Today, as for thousands of years, it is possible to find meaning beyond words everywhere—and in this domain beyond words, the religious or spiritual resides. In an age of gigabytes and picoseconds, we tend to live too quickly and to miss much that we might see. Baseball, as it turns out, can help us develop the capacity to see through to another, sacred space. Indeed, the more we come to appreciate the sport’s intricacies and evocative power, the clearer it is that it shares much with what we traditionally have called religion.
r /> Exploring the elements of a religious and spiritual life is a thread running through courses that I have taught over nearly five decades. I was put on this earth to be in a classroom; I am one of the few university presidents who teaches a full faculty schedule. This book grew out of one of my courses, one called Baseball as a Road to God. Like any good creation story, it begins in a garden.
It was November 21, 1999, and I was standing in the garden of Villa La Pietra, NYU’s fifty-seven-acre campus in Florence, Italy. I was then dean of the School of Law, and we had just finished three days hosting seven heads of government, led by the President of the United States.
We had received the wheels-up signal, meaning all the leaders were aloft in their jets and no longer our responsibility, and we had begun a party for those who had worked on the event. Just then, an impious student (one of the volunteer workers) approached me: “I understand you’re a big baseball fan,” he said. “I think the sport is silly and I don’t understand why anybody would waste time on it.”

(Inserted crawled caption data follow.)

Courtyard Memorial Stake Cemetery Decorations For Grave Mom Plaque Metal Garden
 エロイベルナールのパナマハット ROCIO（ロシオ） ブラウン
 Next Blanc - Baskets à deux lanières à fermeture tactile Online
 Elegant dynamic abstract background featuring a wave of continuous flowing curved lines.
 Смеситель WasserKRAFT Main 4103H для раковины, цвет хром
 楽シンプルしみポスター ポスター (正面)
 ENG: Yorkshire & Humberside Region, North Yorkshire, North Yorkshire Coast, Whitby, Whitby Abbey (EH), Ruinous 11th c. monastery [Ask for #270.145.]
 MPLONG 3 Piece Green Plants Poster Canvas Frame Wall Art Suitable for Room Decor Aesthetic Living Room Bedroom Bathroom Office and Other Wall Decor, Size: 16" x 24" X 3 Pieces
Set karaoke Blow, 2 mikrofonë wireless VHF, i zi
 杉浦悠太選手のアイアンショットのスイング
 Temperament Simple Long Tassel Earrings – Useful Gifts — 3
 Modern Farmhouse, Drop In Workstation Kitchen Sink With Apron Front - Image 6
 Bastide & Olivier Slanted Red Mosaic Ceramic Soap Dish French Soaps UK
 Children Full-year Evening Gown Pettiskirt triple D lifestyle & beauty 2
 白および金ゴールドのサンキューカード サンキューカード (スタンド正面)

“You are among the great unwashed,” I replied, invoking a favorite line of the mystical Charlie Winans, my mentor during high school and long afterward.
Charlie is central to this story, literally and spiritually. Father William O’Malley, one of his colleagues at the remarkable Jesuit high school I attended, caught the essence of Charlie when he wrote: “Charlie had the body of Orson Welles, the voice of James Earl Jones, and the soul of Francis of Assisi. Charlie could drink till three but be up for mass at six. He was the first fully real-ized Christian I ever met.”
In and out of class, Charlie urged us, a group of Brooklyn Catholic working-class boys, to “play another octave on the piano” (taste the food you have not tasted, sing the song you have not sung, visit the place you have never visited). He pressed us to find wonder in places and things that seemed unremarkable on the surface but that could be transformed by careful inspection and introspection.